O boca a boca entre membros da Academia pode fazer ou destruir um filme. O período de campanha parecia fazer de “Brokeback…” o vencedor do prêmio principal do Oscar, mas a ala conservadora da Academia acabou vendo em “Crash” – um drama burocrático e até problemático na forma com que retrata o racismo – o filme a ser votado. Não deu outra. Jack Nicholson se chocou e, até o anúncio de “Moonlight” neste ano, esse havia sido o mais surpreendente vencedor recente de “melhor filme”.

A presidente da Ampas, Cheryl Boones Isaacs, começou a mudança no quadro de membros já em 2016, quando o segundo ano de #OscarsSoWhite não caiu bem entre a indústria. A mea culpa de ignorar títulos como “Beasts Of No Nation”  “Straight Outta Compton” e “Creed” (em uma infeliz coincidência, estes dois últimos tiveram indicações isoladas para pessoas brancas) fez a Academia sair da comodidade e lembrar que a indústria tem se renovado e que os “velhinhos do Oscar” há muito não têm gostos que refletem esse frescor (vide os já citados Tony Curtis e Ernest Borgnine).

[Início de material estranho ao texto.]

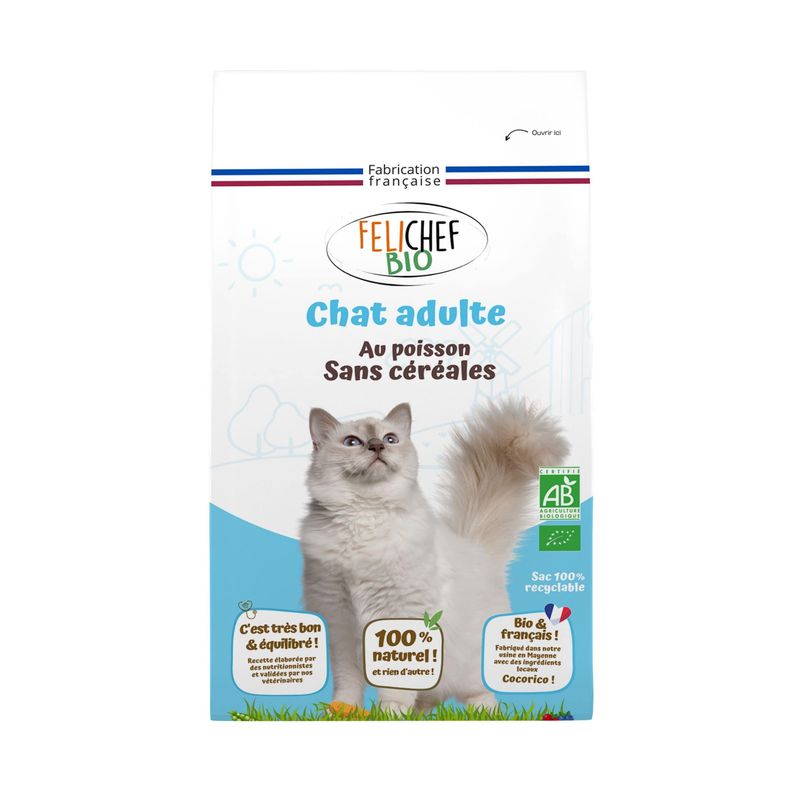Felichef - Croquettes BIO au poisson Sans Céréales poir Chat stérilisé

Ficou acordado que os membros mais velhos teriam direito a voto apenas se continuassem ativos na profissão. “Ao mesmo tempo, a Academia vai suplementar o processo tradicional em que membros atuais indicam novos nomes, com uma campanha ambiciosa e global para identificar e recrutar novos membros que representem uma maior diversidade”, disse Isaacs, à época.

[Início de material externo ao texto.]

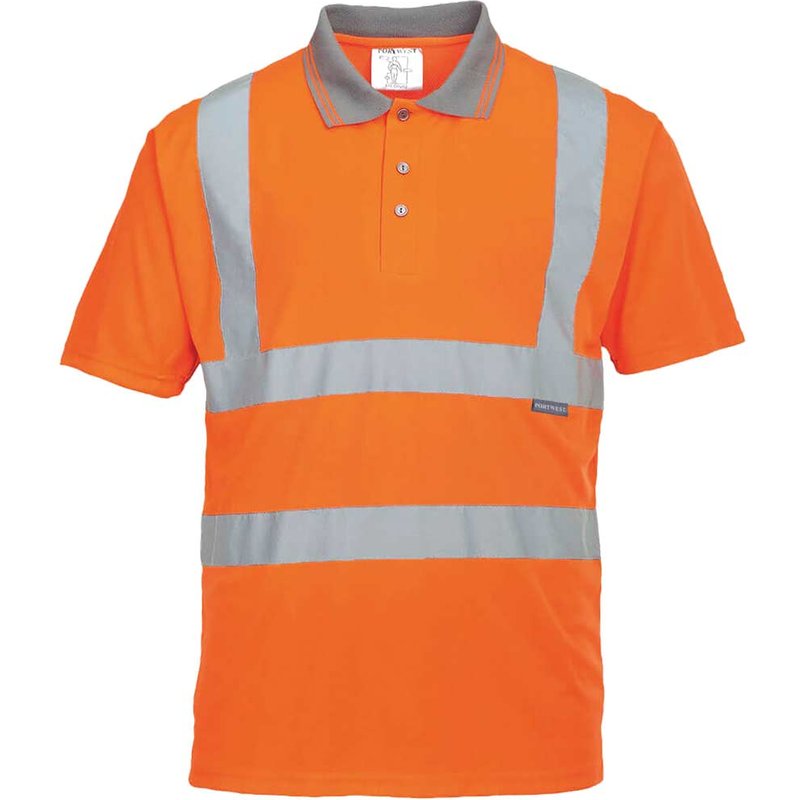 Portwest Mens Hi Vis Polo Short Sleeve Shirt Orange M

A lista de atores, que contém os nomes mais reconhecíveis ao público, é um sopro de ar fresco. A presença de Bollywood, por exemplo, é maciça, com convites estendidos a nomes como Aishwarya Rai Bachchan e Irrfan Khan. Ainda na Ásia, mercado que ‘salva’ muitos blockbusters rejeitados mundo afora, há a presença de Donnie Yen, Ming-Na, Fan Bingbing, e John Cho, entre outros.


Números importantes

Entre 2015 e 2017, houve um aumento de 359% no número de mulheres convidadas para a Academia. Atualmente, elas compõem 39% do quadro geral.

O número de pessoas de cor convidadas para a Academia também cresceu nos últimos dois anos. O índice aumentou em 331%. O contingente total é de 30%.

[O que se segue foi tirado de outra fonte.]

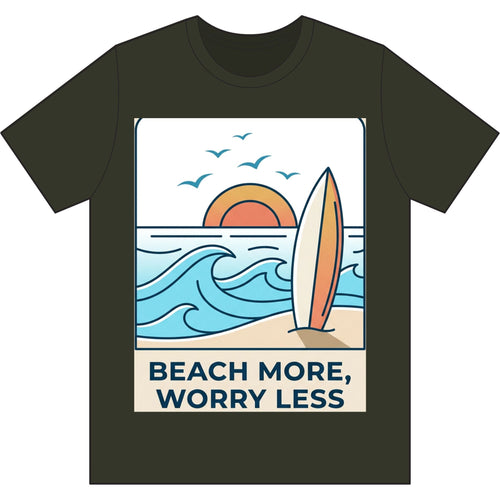 Beach More Worry Less Tee — Surf Sunset Graphic T-Shirt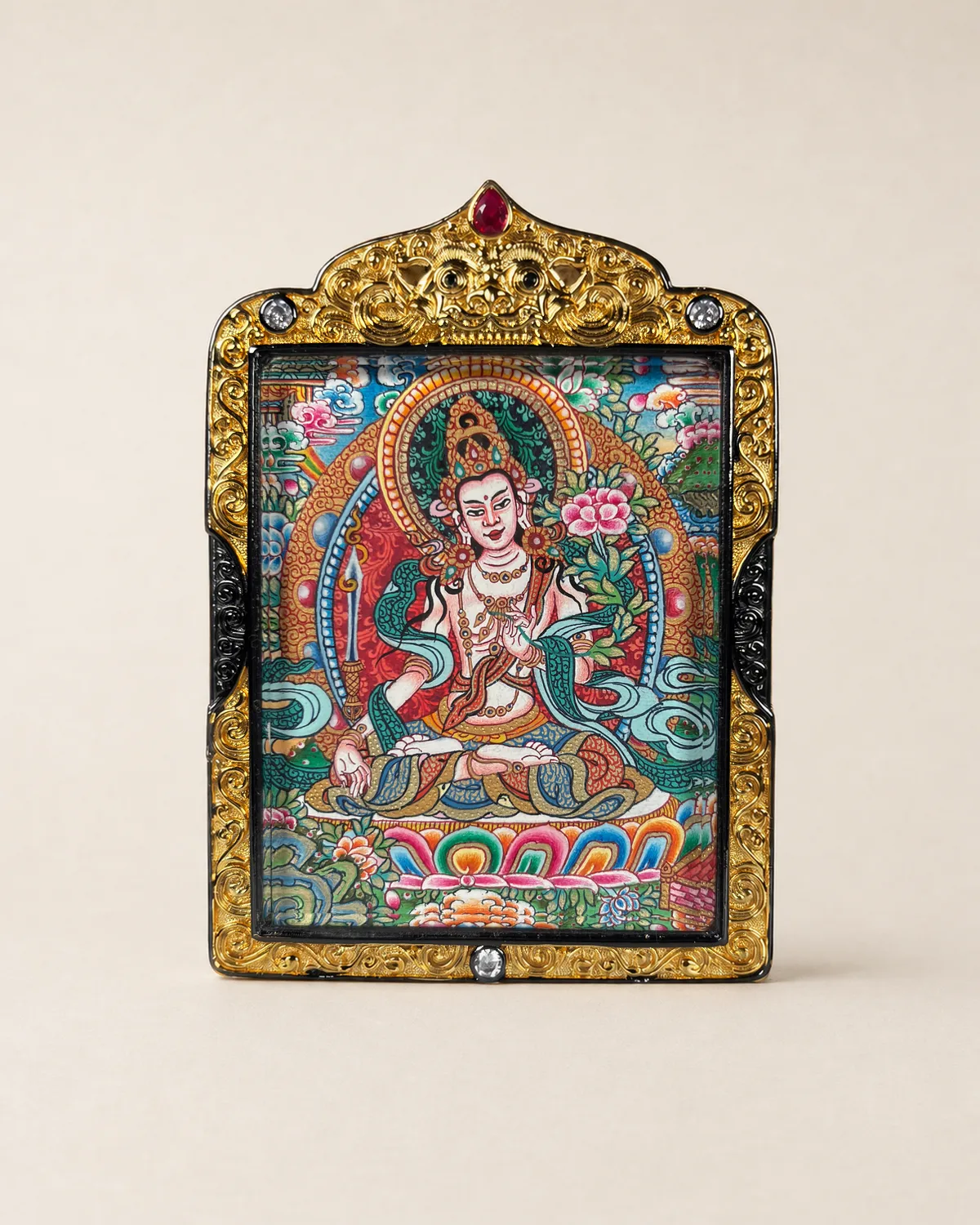 Sword-Bearing Bodhisattva Polychrome Miniature Thangka | Front overall view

Sete grupos convidaram mais mulheres que homens: atores, diretores de elenco, figurinistas, designers, documentaristas, executivos e montadores.

O que isso representa?

O Oscar de 2017 foi o primeiro com o corpo de votantes mais diverso. O resultado foi a premiação surpreendente a “Moonlight”, bem como a presença de minorias nas categorias principais. É claro que os votantes “dependem” de a indústria abraçar ou não um filme (em outras palavras: depende-se muito da campanha).

Mas, uma audiência cada vez mais global e em contato com universos e cinemas diferentes do que o Oscar geralmente premia, assim como nomes mais ligados à televisão (que anda bem mais interessante que a sétima arte), podem mostrar que “Moonlight” não foi um ponto tão fora da curva assim. E mais alguém está curioso para ver em quem Nelson Pereira dos Santos, ‘Jodo’ e Lou Ferrigno vão votar?